Belgian Prime Minister Bart De Wever has raised significant concerns over the European Union’s proposal to utilize Russia’s immobilized central-bank assets as collateral for a €140 billion loan to Ukraine, citing unresolved legal and financial risks.
Speaking after an EU leaders’ meeting on Thursday, De Wever outlined Belgium’s reservations about the “reparation loan” scheme, which aims to raise funds using frozen Russian sovereign assets. The plan hinges on Moscow repaying the debt as part of a future peace agreement—a scenario De Wever called “improbable.”
“The only thing I can do is point out where the problems are and gently ask for solutions,” De Wever said, emphasizing Belgium’s position as a small nation with limited capacity to shoulder disproportionate risks. He highlighted that Belgium, which holds a significant portion of the frozen assets at Euroclear, faces potential retaliation from Russia if the plan proceeds.

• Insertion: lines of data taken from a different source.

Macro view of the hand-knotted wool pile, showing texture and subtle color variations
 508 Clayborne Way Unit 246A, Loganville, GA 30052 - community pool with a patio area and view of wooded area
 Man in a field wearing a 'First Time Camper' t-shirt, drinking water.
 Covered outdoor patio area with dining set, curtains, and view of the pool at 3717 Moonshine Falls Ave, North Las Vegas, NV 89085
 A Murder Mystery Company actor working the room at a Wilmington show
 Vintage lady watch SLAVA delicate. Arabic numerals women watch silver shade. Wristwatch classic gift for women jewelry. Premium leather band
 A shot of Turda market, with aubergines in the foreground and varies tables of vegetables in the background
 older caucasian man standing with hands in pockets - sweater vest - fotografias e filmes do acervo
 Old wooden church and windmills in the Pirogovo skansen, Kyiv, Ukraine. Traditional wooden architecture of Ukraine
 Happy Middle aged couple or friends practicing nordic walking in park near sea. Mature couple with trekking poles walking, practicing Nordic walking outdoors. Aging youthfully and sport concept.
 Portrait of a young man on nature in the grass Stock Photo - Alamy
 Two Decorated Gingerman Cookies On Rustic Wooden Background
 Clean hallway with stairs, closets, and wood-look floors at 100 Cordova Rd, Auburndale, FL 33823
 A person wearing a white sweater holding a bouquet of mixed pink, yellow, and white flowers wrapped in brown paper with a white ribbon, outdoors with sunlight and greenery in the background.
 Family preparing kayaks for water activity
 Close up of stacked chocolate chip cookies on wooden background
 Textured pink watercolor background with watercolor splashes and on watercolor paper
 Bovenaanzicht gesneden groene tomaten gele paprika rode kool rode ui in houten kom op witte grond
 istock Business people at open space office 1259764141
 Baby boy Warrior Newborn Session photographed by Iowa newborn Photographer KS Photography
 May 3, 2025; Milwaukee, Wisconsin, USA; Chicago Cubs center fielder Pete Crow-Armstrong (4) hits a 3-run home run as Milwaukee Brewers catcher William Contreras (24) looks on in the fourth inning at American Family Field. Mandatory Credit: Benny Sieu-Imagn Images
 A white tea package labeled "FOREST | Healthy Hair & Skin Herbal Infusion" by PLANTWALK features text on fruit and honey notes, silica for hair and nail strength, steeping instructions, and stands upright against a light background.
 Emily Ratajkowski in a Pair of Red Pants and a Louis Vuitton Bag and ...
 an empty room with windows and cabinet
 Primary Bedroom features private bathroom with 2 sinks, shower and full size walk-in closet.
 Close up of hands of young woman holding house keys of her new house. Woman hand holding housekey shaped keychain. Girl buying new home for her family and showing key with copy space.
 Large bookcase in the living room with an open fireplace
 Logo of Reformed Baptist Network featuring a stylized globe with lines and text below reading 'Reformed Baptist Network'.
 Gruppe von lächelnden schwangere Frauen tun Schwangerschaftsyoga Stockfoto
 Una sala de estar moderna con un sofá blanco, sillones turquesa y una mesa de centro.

“Russia has told us that if we touch the money, we would feel the consequences until eternity,” he noted, comparing the immobilized funds to an embassy’s immunity. De Wever stressed that any “sort-of-confiscation” of sovereign assets requires a solid legal framework and shared financial responsibility among nations. He warned that Belgium could face “buried in litigation” and counter-confiscations if the plan moves forward.
While reaffirming Belgium’s support for Ukraine, De Wever urged swift action to address the country’s financial needs amid ongoing conflicts. “Before the end of the year we need a solution to keep Ukraine in the war and to take care of their financial problems,” he concluded.